Among the findings is the following:
That finding was the subject of much, and widely reported, debate during the Task Force's final meeting of 2013, held on December 31. Among other places, reports on that debate can be found here and here. Those are largely well based, fact pieces.In order to provide for an overall sustainable future for Alaska, current state spending levels must be reduced with a portion of the current revenue stream to be set aside to provide for future generations. Further, it was recognized that education is one of the core constitutional missions of state government and therefore, funding to education should be given a priority. However, Alaskans should be made aware that current education spending is not sustainable.
Yesterday afternoon, however, the Alaska Dispatch's Pat Forgey tried to spin the story in a new direction. In a story headlined, "Prepare for huge cuts in education spending, legislative panel warns," Forgey claimed that "[t]he House Sustainable Education Task Force is calling for sharply reduced spending on schools."
The story implied that its conclusions were based on the August 29th meeting of the Task Force -- in which I participated and are also covered in this blog. But neither that discussion, nor Forgey's reporting of it justify the assertion that the spending reductions are "huge" or anticipated future spending levels "sharply reduced."
The record of the August 29th meeting, including both the portion discussed in Forgey's article and the slidepack that accompanied the presentation, make clear that what was under discussion at that session was rolling back total education spending -- operating and capital combined -- only to FY 2011 levels (three short years ago). As I explained during that meeting, I used FY 2011 because it was consistent with the overall budget levels suggested early last year by the University of Alaska - Anchorage's Institute of Social and Economic Research.
Focusing on operating spending flowing through the Department of Education and Early Development, that would result in a rollback in spending from the roughly $1.28 billion in Unrestricted General Funds (UGF) contained in the FY 2014 budget, to $1.17 billion (UGF) contained in the FY 2011 budget, a reduction of less than 9% (compared with Forgey's claim of 17+%). Even that significantly overstates the case, however, because additional reductions in capital spending levels related to education easily could be used to offset the difference, holding overall operating spending constant or even slightly increased from FY 2014 levels.
For example, FY 2011 was a record year for state payments in support of school construction. Reducing that to the average level experienced during the subsequent three years frees up nearly an additional $60 million for operating spending, making the resulting difference between the two years only $50 million (or 4%).

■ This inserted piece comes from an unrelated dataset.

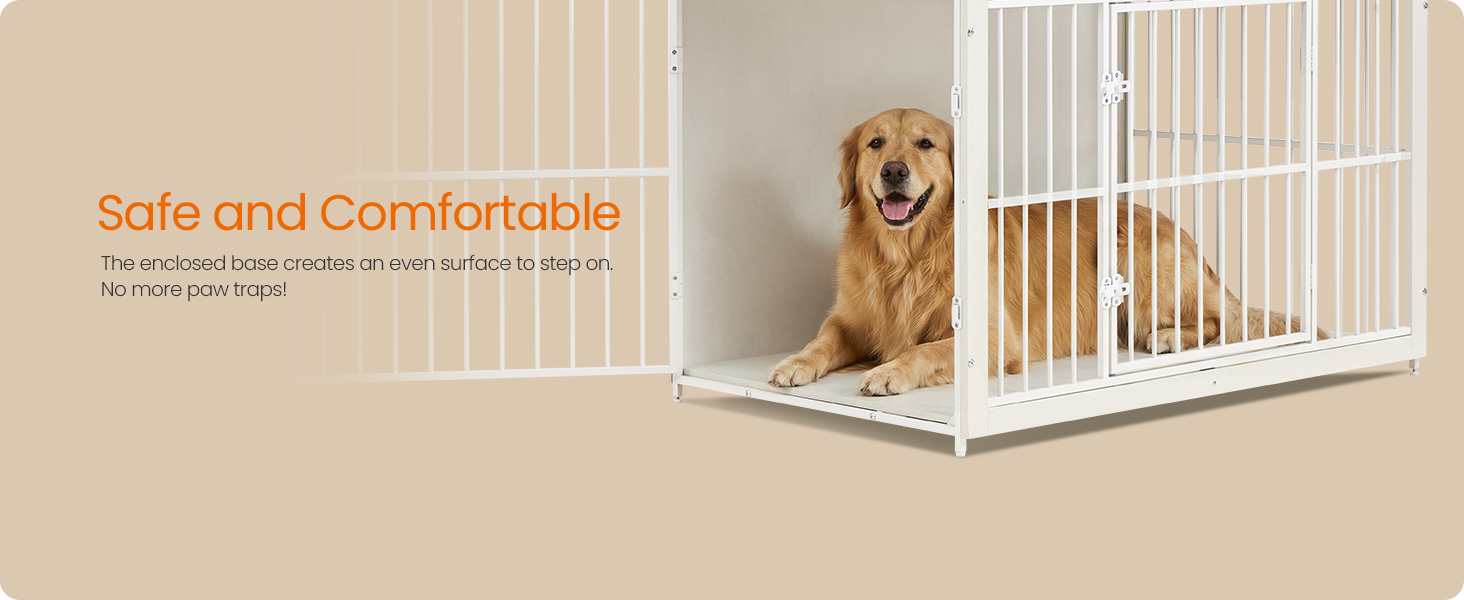 Wooden Dog Crate Furniture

Forgey's story never mentions the FY 2011 baseline. Instead, Forgey supports the story's headline using a hypothetical calculation he makes up, late in the story, based on the unfounded assumption that the Task Force is suggesting that the state budget should be lowered immediately to current revenue levels, with education cut proportionately with all other programs in order to reach that objective.
None of the statements made at the August 29th meeting, the December 31st meeting that led to the interim report, nor the interim report itself support such a hypothetical calculation. Instead, Forgey simply is making up his own facts to support his own, sensationalized conclusions.

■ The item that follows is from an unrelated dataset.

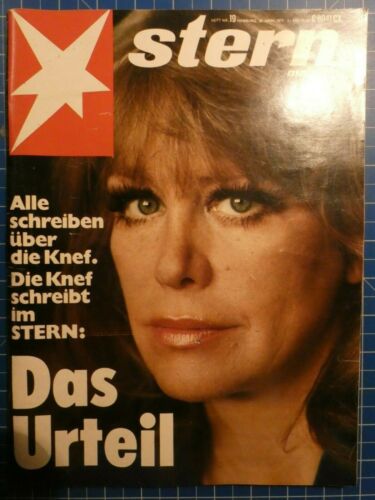 STERN magazine side cover Issue 19 30 April 1975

Forgey's story also errs in one other respect. In an aside aimed at SB 21, Forgey claims that "Senate Bill 21 resulted in Alaska passing its first deficit budget in years ...."
As ISER pointed out in its analysis last year, before SB 21 was introduced, recent spending levels are significantly outpacing the revenue levels produced under ACES. As ISER said at the time, based on revenues projected under ACES:
... the state is on a path it can’t sustain. Growing spending and falling revenues are creating a widening fiscal gap. In its 10-year fiscal plan, the state Office of Management and Budget (OMB) projects that spending the cash reserves might fill this gap until 2023....
But what happens after 2023? Reasonable assumptions about potential new revenue sources suggest we do not have enough cash in reserves to avoid a severe fiscal crunch soon after 2023, and with that fiscal crisis will come an economic crash.Forgey's effort to attribute the state's fiscal situation to SB 21 is as wrong as his claims of "huge" cuts and "sharply reduced" spending. To quote ISER's words -- not mine -- at recent spending levels the state is headed for "fiscal crisis" and "economic crash" regardless of which tax regime applies. It is not SB 21 that is driving that train, it is the state's current spending levels.
All of these are things that I could have explained to Forgey if he had contacted me before making up his own numbers and running with the resulting story. He didn't, however. The result is selective and indeed, to the extent the headline and text claim "huge" cuts, "sharply reduced" spending and that SB 21 is resulting in Alaska's current fiscal situation, misleading reporting.
We should expect better from a news source that claims "to take an unflinching look at the state, from its massive riches to its abject poverty, and tell these stories to Alaskans and to the world." Sometimes it seems that "unflinching look" is made only through a skewed filter. This clearly is one of those times.